BEGIN

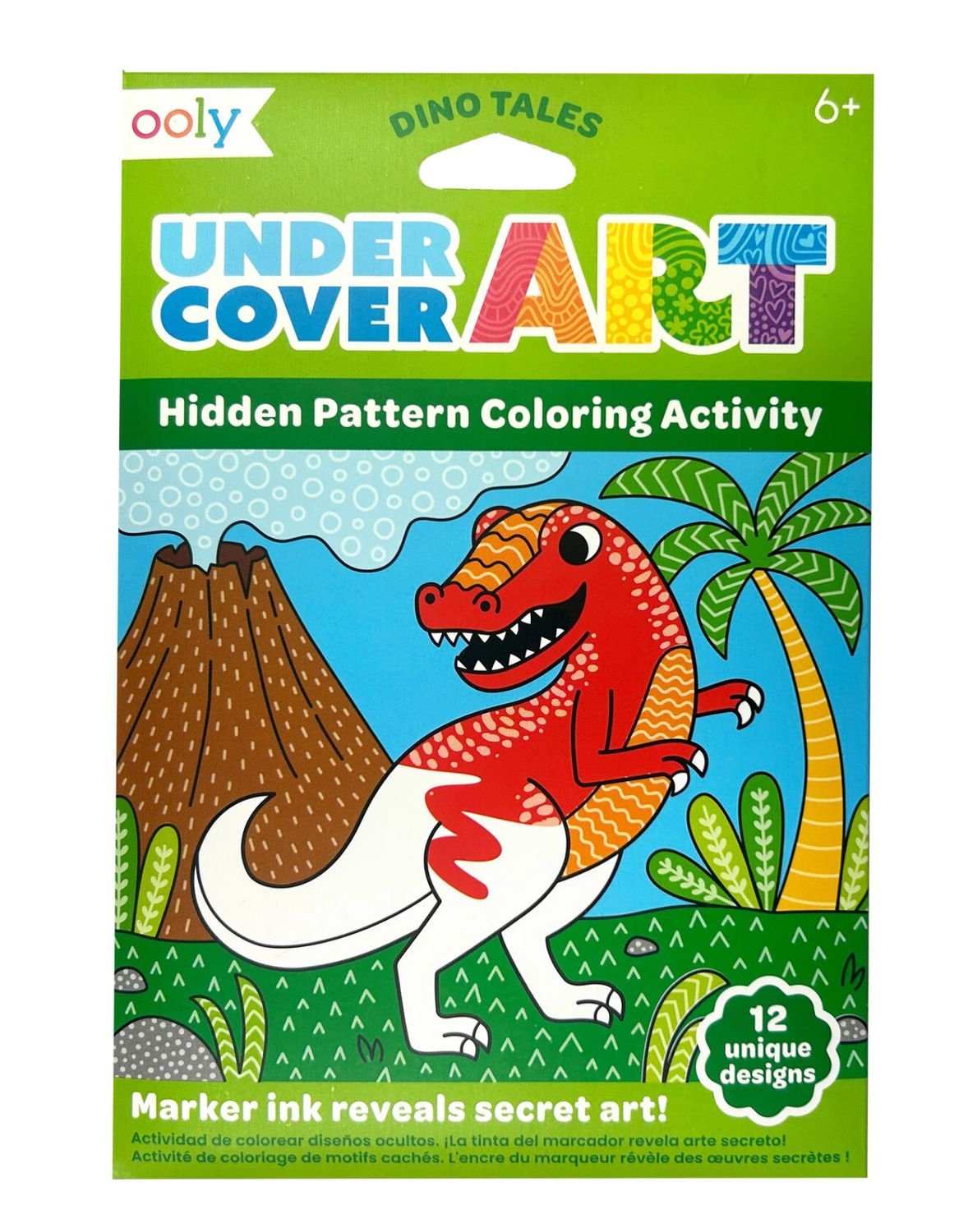 undercover art: hidden pattern, Color: dino tales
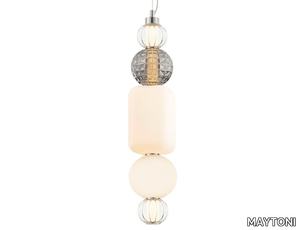 COLLAR L35 - LED blown glass pendant lamp _ MAYTONI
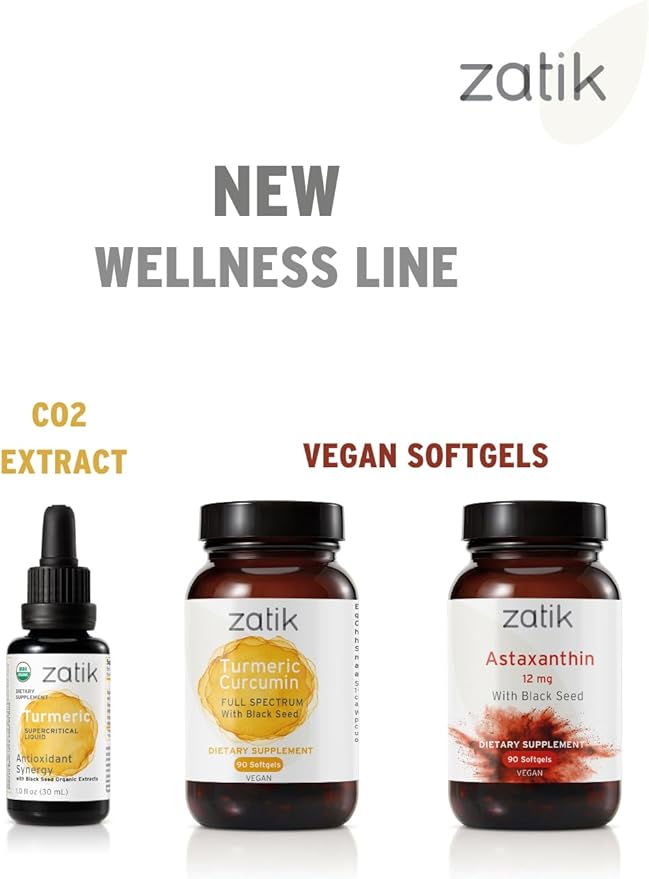Zatik Naturals - Black Cumin Seed Oil & Supercritical Extract, Cold Pressed, Unrefined, USDA Organic, Gluten Free, Vegan, 90 Vegan Softgels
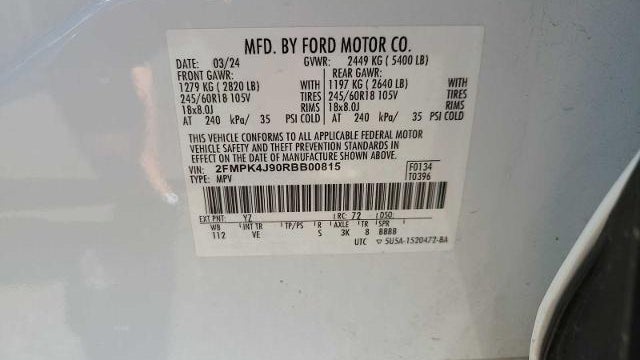 2024 Ford Edge ST-Line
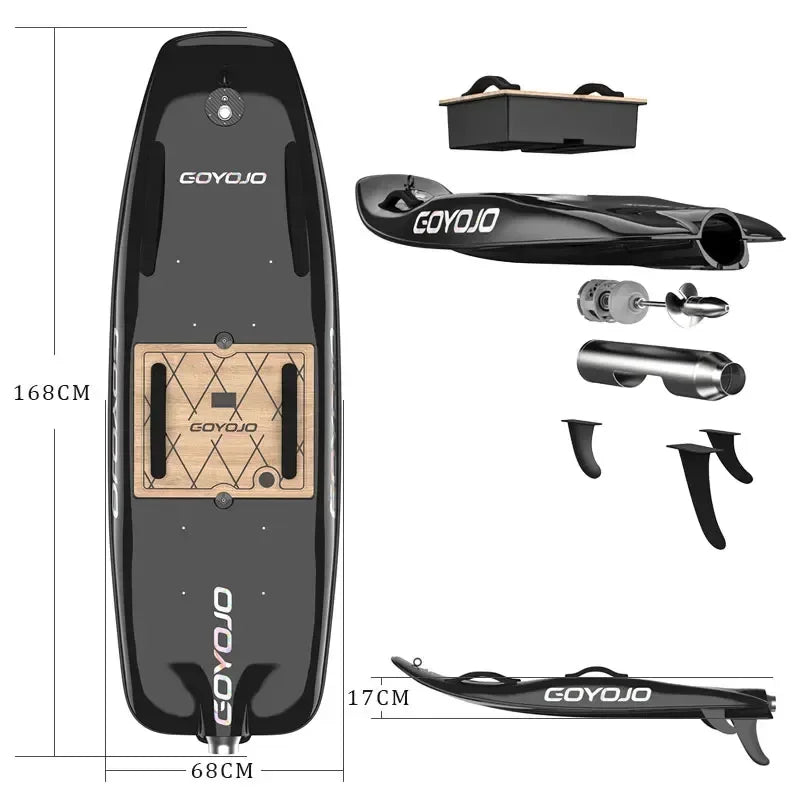 Electric Surfboard In Carbon Fiber Jet Surf Board 15KW Seaside Outdoor Sports Water Surf Adjustable Speed Above 65KM/H Jetboards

END

An exact copy of every record above is needed, with all pictures left out.

Result>
 undercover art: hidden pattern, Color: dino tales
 COLLAR L35 - LED blown glass pendant lamp _ MAYTONI
Zatik Naturals - Black Cumin Seed Oil & Supercritical Extract, Cold Pressed, Unrefined, USDA Organic, Gluten Free, Vegan, 90 Vegan Softgels
 2024 Ford Edge ST-Line
 Electric Surfboard In Carbon Fiber Jet Surf Board 15KW Seaside Outdoor Sports Water Surf Adjustable Speed Above 65KM/H Jetboards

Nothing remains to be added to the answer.